Which brings me to the third word: “generative”. When we talk about “generative art”, what do we mean? The term isn’t particularly well defined, but what we typically (not always) mean is that generative art is computational artwork that incorporates some source of noise, disorder, or randomness (natural or artificial) into the artistic process itself. It’s a kind of perverse artistry: almost always we’re working with computers, one of the most precise and flexible tools that humans have devised, and yet we are deliberately making the products of the machine unpredictable, unknowable even to the artist.
We are writing code that makes unpredictable paintings.
Art is theft
Okay that’s quite enough preamble. Let’s stop talking and start making some art! Following Picasso’s dictum that “art is theft” I want to begin with an act of wholesale thievery. I am going to co-opt tools that were created for serious data science purposes and repurpose them for art. If you’re in this room with me then you already know these tools by name: ggplot2 is an R package designed for data visualisation; dplyr is designed for data manipulation; tibble is designed for data representation. None of these packages were created for artists. They’re practical tools designed for statisticians, data scientists, analysts, and other knowledge workers.
Fuck it. Let’s steal them. Sorry Hadley.
Let’s start with a data visualisation exercise that most R users have encountered at one time or another: creating a scatterplot. The ggplot2 package supplies the tediously-overused mpg
data set that… I don’t know, it has something to do with cars, I think? I don’t drive and I am trying very hard to pretend I never learned anything about the internal combustion engine. The point here is that we have a data set. From the perspective of the generative artist our main concern is that it’s a table that contains some numbers and text organised in a table:
mpg
# A tibble: 234 × 11
manufacturer model displ year cyl trans drv cty hwy fl class
<chr> <chr> <dbl> <int> <int> <chr> <chr> <int> <int> <chr> <chr>
1 audi a4 1.8 1999 4 auto… f 18 29 p comp…
2 audi a4 1.8 1999 4 manu… f 21 29 p comp…
3 audi a4 2 2008 4 manu… f 20 31 p comp…
4 audi a4 2 2008 4 auto… f 21 30 p comp…
5 audi a4 2.8 1999 6 auto… f 16 26 p comp…
6 audi a4 2.8 1999 6 manu… f 18 26 p comp…
7 audi a4 3.1 2008 6 auto… f 18 27 p comp…
8 audi a4 quattro 1.8 1999 4 manu… 4 18 26 p comp…
9 audi a4 quattro 1.8 1999 4 auto… 4 16 25 p comp…
10 audi a4 quattro 2 2008 4 manu… 4 20 28 p comp…
# … with 224 more rows
We need not concern ourselves with why displ
refers to engine displacement nor what that term even means. Nor do we have to care about how hwy
represents highway mileage or how drv
has something to do with gears. Really, this is not our concern.

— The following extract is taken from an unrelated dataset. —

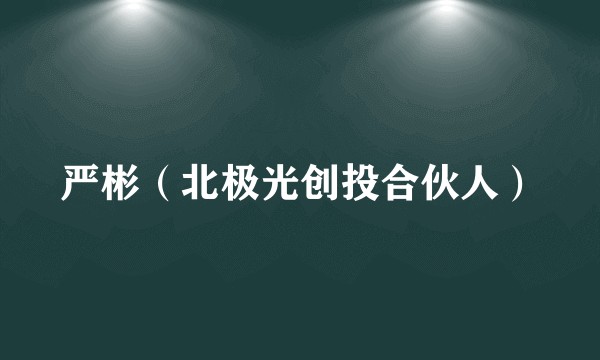 严彬（北极光创投合伙人）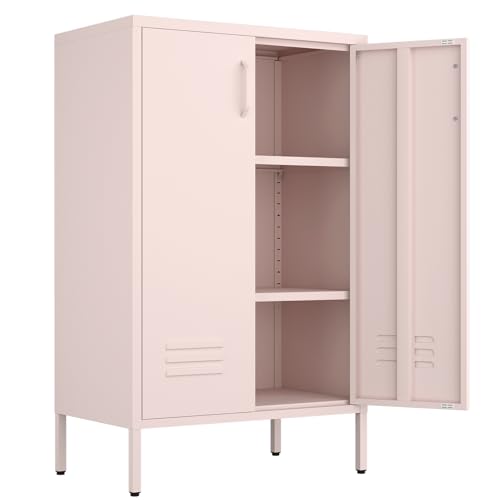 IRONFFICE Storage Cabinet,Metal Cabinets with Doors and Shelves,2 Doors Locker Cabinet with Legs,Metal Locker Storage Cabinets,Entryway Cabinet for Office,Classroom,Bedroom,Pink IRONFFICE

As generative artists we think of these as raw sources of structure and randomness.
Here’s what I mean. As a data scientist, I might draw a plot like this:
|>
mpg ggplot(aes(displ, hwy, colour = drv)) +
geom_point()
On the x-axis I’ve plotted one column in the table, on the y-axis I’ve plotted another column, and each row in the table shows up as a dot. A third row of the table is used to supply the colour. Because ggplot2 is designed to support interpretation, the resulting plot has a collection of guides, legends and other labels. In the world of data visualisation, these things are essential for helping the viewer understand how the picture relates to the thing in the world (cars, apparently) that the data pertains to.
As an artist, I cannot be bothered with such dull practicalities. Let’s get rid of all of them, and – violating all sorts of data visualisation best practices – I’m going to vary the size of the dots in a way that doesn’t help anyone make sense of the data:
|>
mpg ggplot(aes(displ, hwy, colour = drv, size = cyl)) +
geom_point(show.legend = FALSE) +
theme_void() +
scale_color_brewer()
Once we strip away the practical purpose of the data visualisation, we’re left with something that isn’t quite so easy to interpret, but is… well, it’s kind of pretty, right? There’s an overall structure to the scatterplot. The colours, shapes, and positions of the data don’t necessarily tell an easily-understood story about the real world anymore but they’re quite pleasing to look at.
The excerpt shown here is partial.